Opinion: A lesbian kiss and a parade of trauma

Well, it was just the sweetest thing.

It happened during the Macy’s Thanksgiving Day Parade. All these happy cast members of the Broadway musical “The Prom” were dancing and singing, when — three minutes and 15 seconds into the performance — two of the actresses kissed.

Holy cannoli.

This was reportedly the first lesbian kiss on camera in the Macy’s parade. Social media exploded with expressions of joy and gratitude. It’s not hard to understand why if you know someone who is gay — and you do, even if you think you don’t. For this historic moment to happen during one of America’s most celebrated Thanksgiving traditions felt like hope with rhythm.

But a right-wing group called ForAmerica — of course it is — was having none of this.

“Millions of small children just watched two girls kiss and had their innocence broken this morning,” it tweeted. Parents had been “blindsided.” Macy’s and NBC had colluded to “push their agenda on little kids.”

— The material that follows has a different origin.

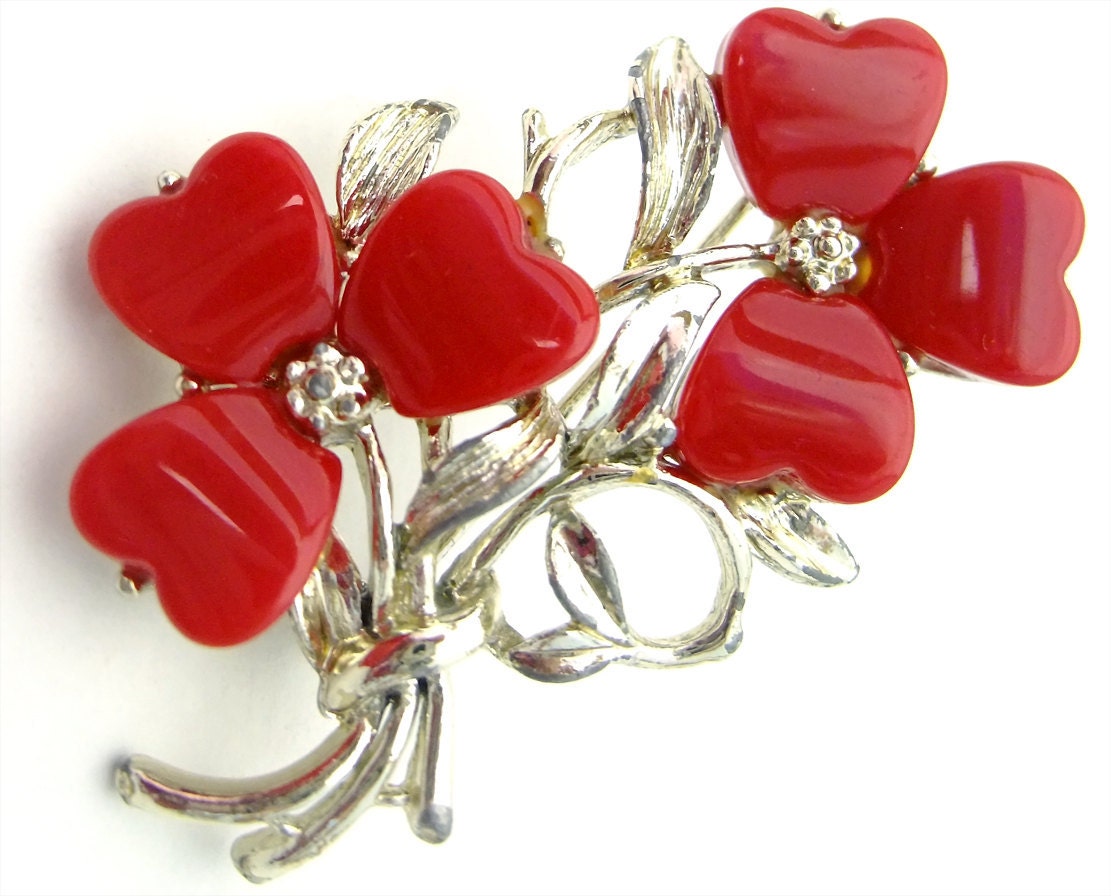 Vintage Flower Pin Thermoset Plastic Brooch by mysweetiepiepie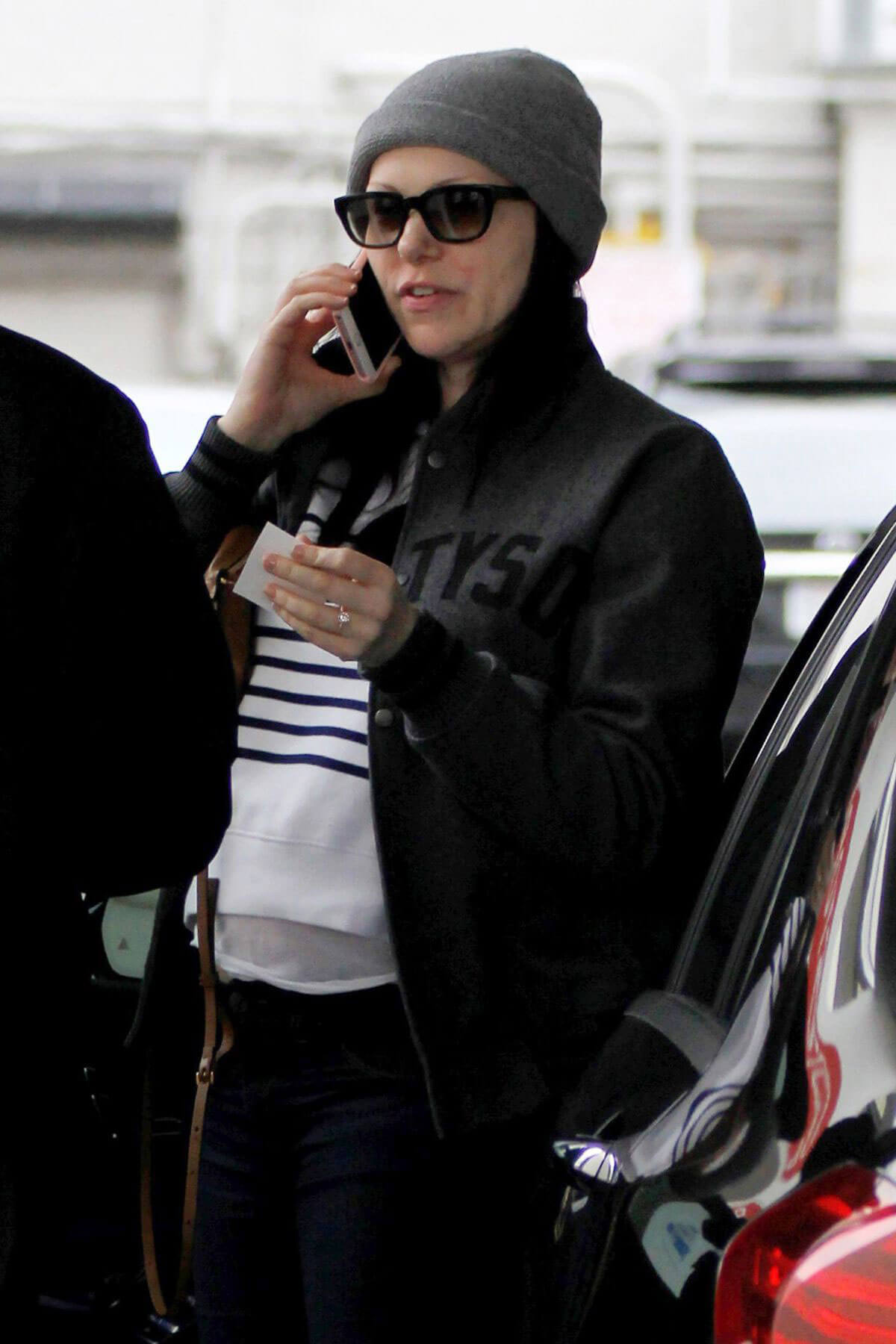 Pregnant Laura Prepon Stills Out in Beverly Hills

It’s just exhausting, isn’t it? All of it. The nonexistent tragedy. The false accusations to keep extremists frothing. The willingness to depict children, who are born with hearts wide-open, as small-minded simpletons unable to see a kiss for what it is, a tender act of love.

I feel only pity for the writer of that tweet. We lose such a vital part of ourselves when we are unwilling to see the world through the eyes of a child. It turns us into someone who thinks the sight of two women sharing a kiss is the greatest trauma facing today’s children in America.

I was reminded of Jesse Dorris’ story for The New Yorker in March, titled “What School Shooting Drills Look Like Through Students’ Eyes.”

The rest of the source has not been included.